Start of PROVIDED DATA

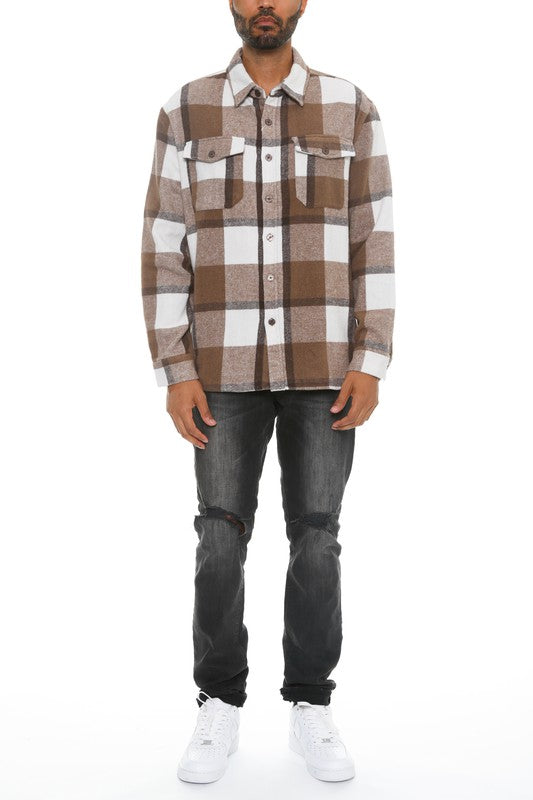 Men's Checkered Soft Flannel Shacket Shirt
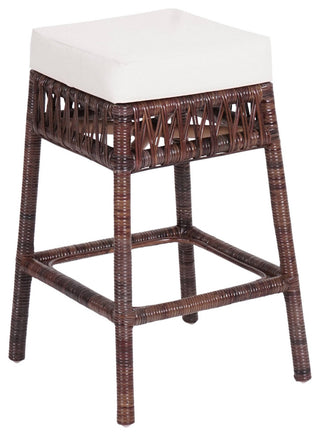 25.5"Bohemian Basics Rattan Backless CounterStool,White Cushion,Dark Brown Frame
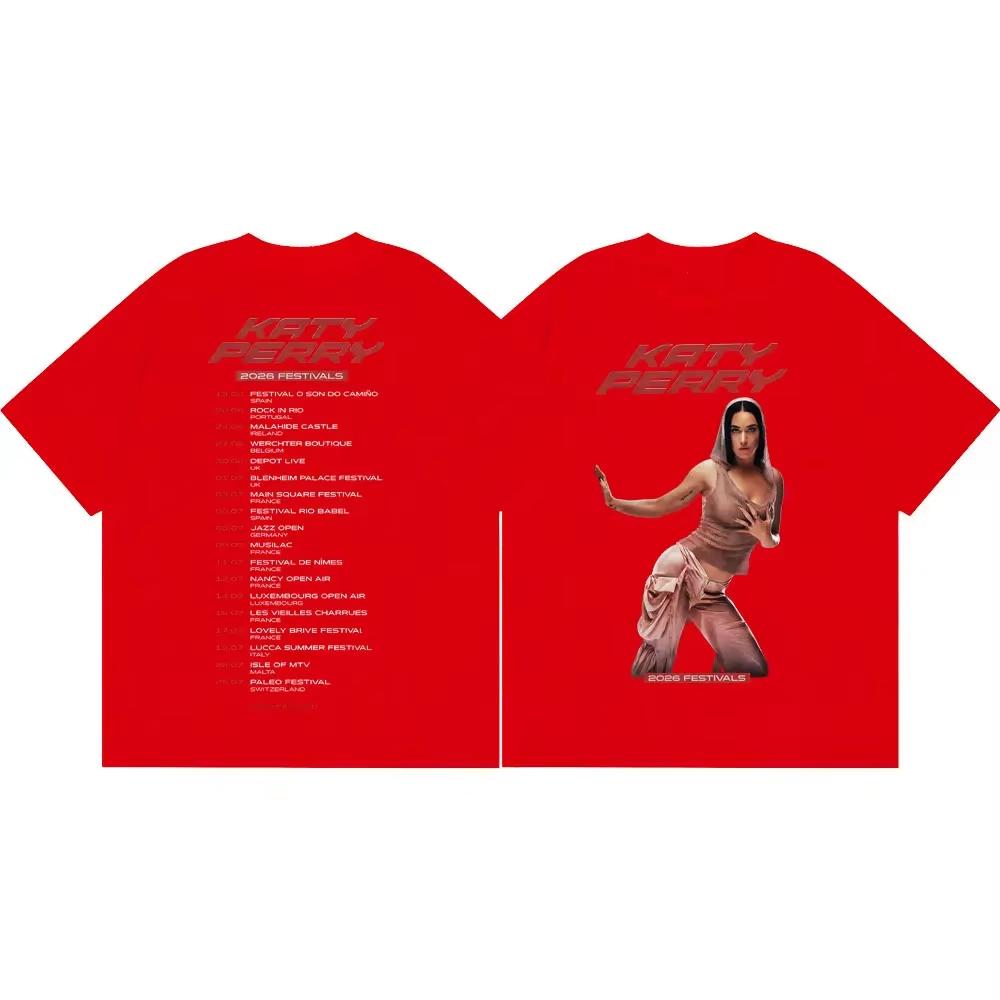 Vintage Washed Katy Perry The Lifetimes Tour 2026 Pop Music Tour Merch Graphic T-shirt Men Women Printed Tee Summer Casual Fashion Clothing Unisex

End of PROVIDED DATA

**ACTIVITY**
Repeat the data exactly, excluding the pictures.

**RESPONSE AREA**
 Men's Checkered Soft Flannel Shacket Shirt
 25.5"Bohemian Basics Rattan Backless CounterStool,White Cushion,Dark Brown Frame
 Vintage Washed Katy Perry The Lifetimes Tour 2026 Pop Music Tour Merch Graphic T-shirt Men Women Printed Tee Summer Casual Fashion Clothing Unisex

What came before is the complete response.